• INSTRUCTIONS FOR THE TASK
Reproduce the data below exactly as written. Pictures do not belong in the copy.

• RECORDS TO PROCESS
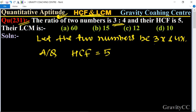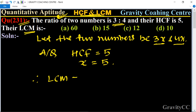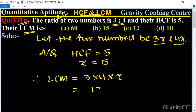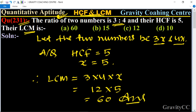The HCF of 3x and 4x is equal to x, so x equals 5. Therefore, the LCM of 3x and 4x is 3 into 4 into x, which is equal to 12 into 5, which is 60. So 60 is the required answer and the correct option.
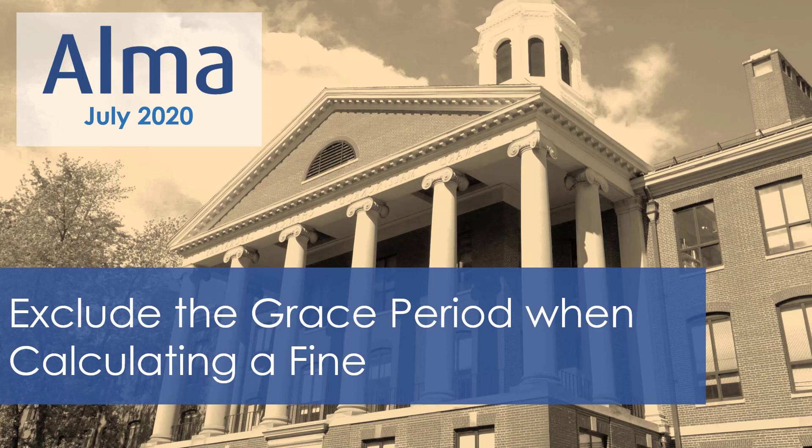Previously in ALMA when calculating a fine, the grace period was always included as part of the period of the fine. Now you can configure the policy to not include the grace period at all and begin accounting for the fine only after the grace period has ended.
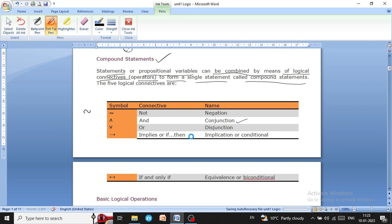In this video I will continue the last topic, that is compound statement. Compound statement means when we use some logical operators to connect two variables or two values to make a single statement. We use five logical connectives — five logical operators — to form a single statement, which is known as compound statements.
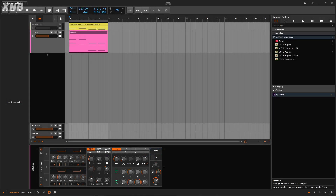Welcome back to another Bitwig tutorial. On this one we are going to talk about the Sample and Hold modulator.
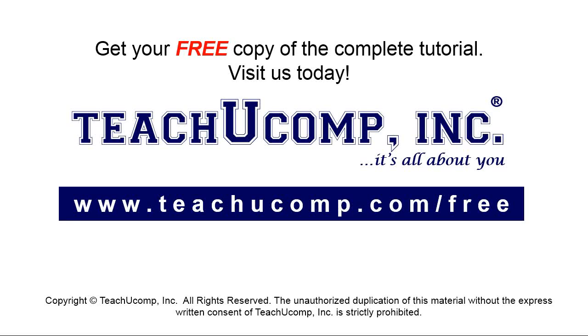Get your free copy of the complete tutorial at www.teachyoucomp.com forward slash free.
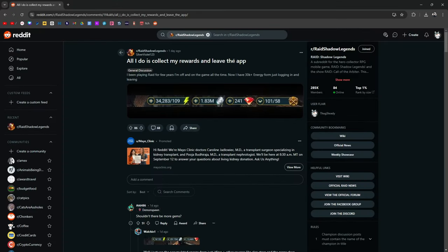All I do is collect my rewards and leave the app. I've been playing Raid for a few years, I'm off and on the game all the time. Now I have 30k plus energy from just logging in and leaving. Look at this guys, he's got 34k energy.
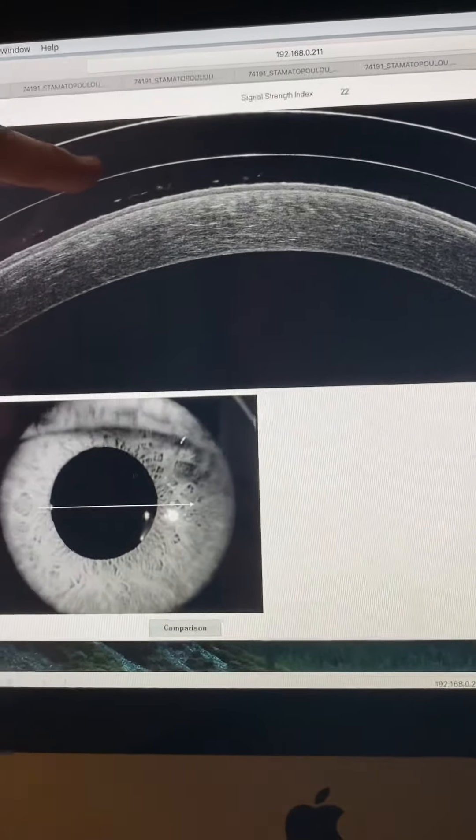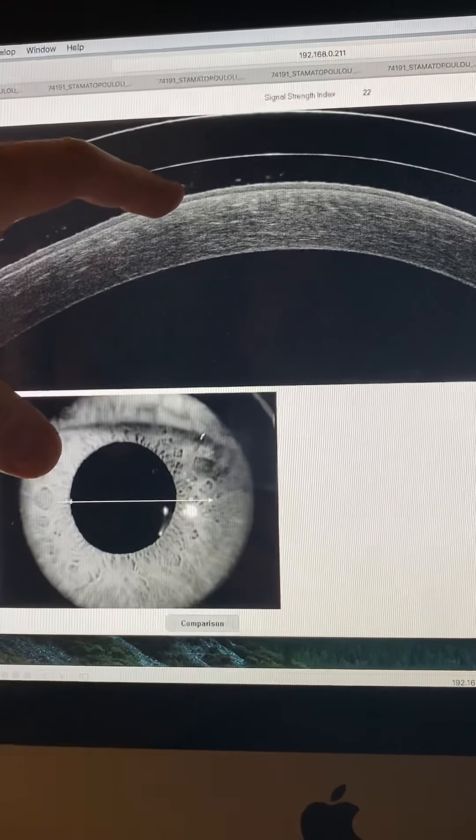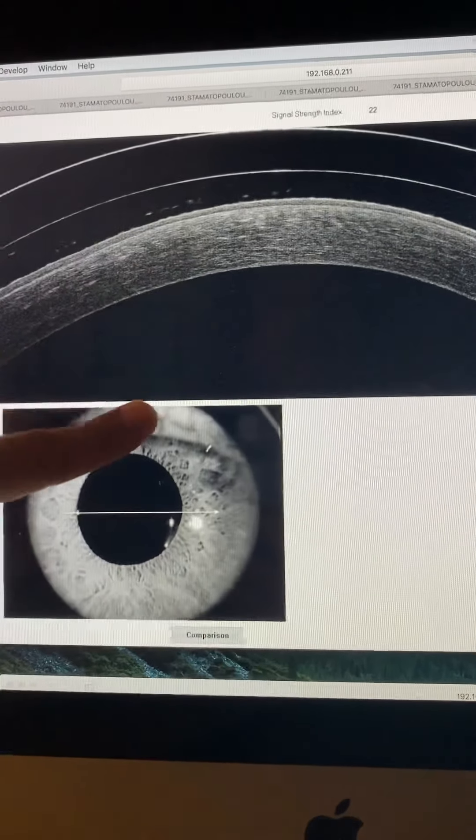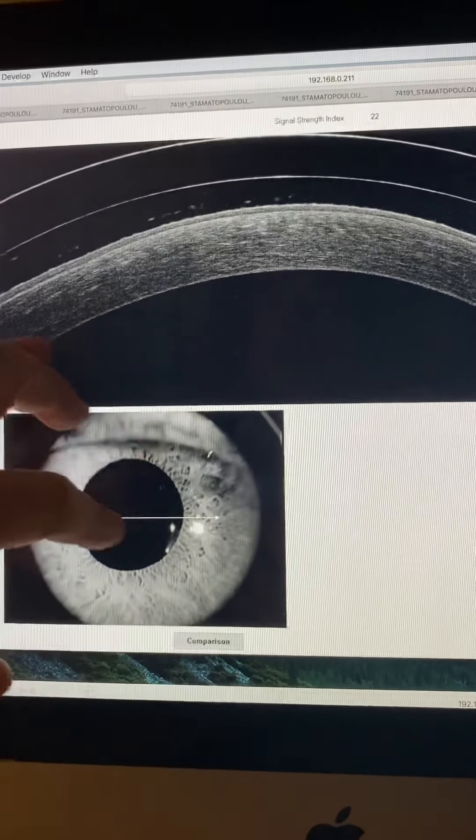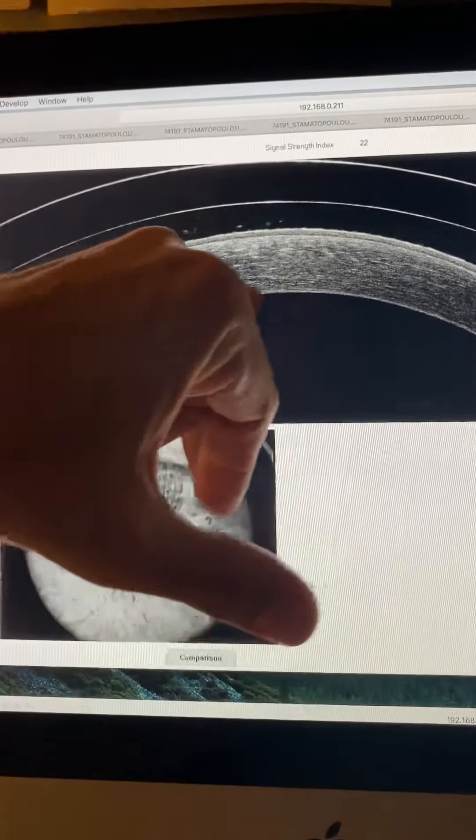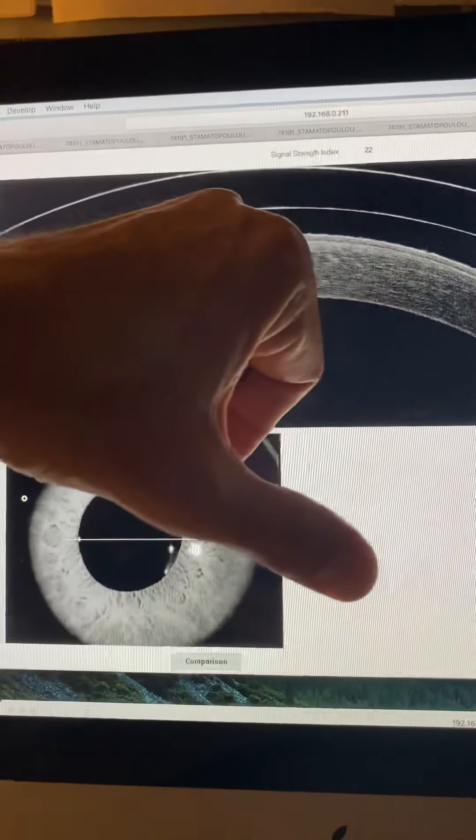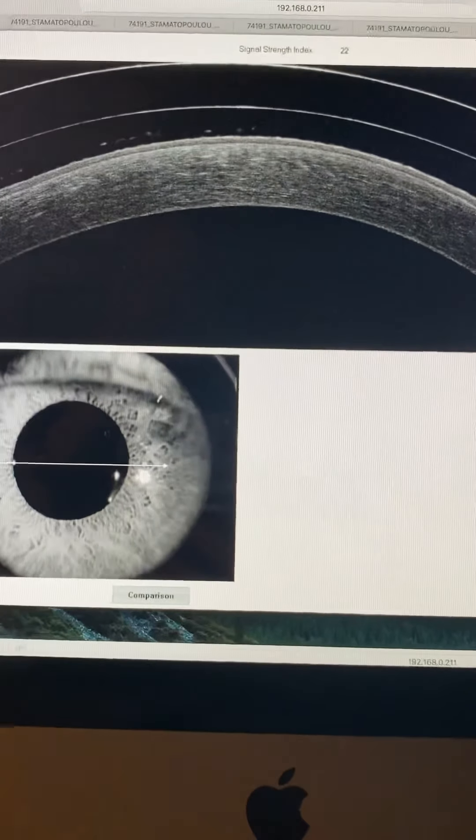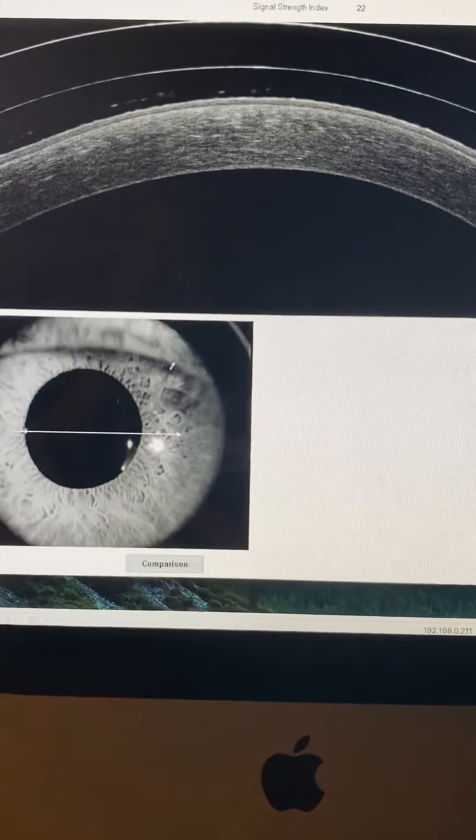We're seeing here the scleral lens, the fluid in between and the cornea. And maybe we're seeing cross-linking lines somewhere down here. And let's look at the edges of the lens.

• ANSWER BOX
The HCF of 3x and 4x is equal to x, so x equals 5. Therefore, the LCM of 3x and 4x is 3 into 4 into x, which is equal to 12 into 5, which is 60. So 60 is the required answer and the correct option.
Previously in ALMA when calculating a fine, the grace period was always included as part of the period of the fine. Now you can configure the policy to not include the grace period at all and begin accounting for the fine only after the grace period has ended.
In this video I will continue the last topic, that is compound statement. Compound statement means when we use some logical operators to connect two variables or two values to make a single statement. We use five logical connectives — five logical operators — to form a single statement, which is known as compound statements.
Welcome back to another Bitwig tutorial. On this one we are going to talk about the Sample and Hold modulator.
Get your free copy of the complete tutorial at www.teachyoucomp.com forward slash free.
All I do is collect my rewards and leave the app. I've been playing Raid for a few years, I'm off and on the game all the time. Now I have 30k plus energy from just logging in and leaving. Look at this guys, he's got 34k energy.
We're seeing here the scleral lens, the fluid in between and the cornea. And maybe we're seeing cross-linking lines somewhere down here. And let's look at the edges of the lens.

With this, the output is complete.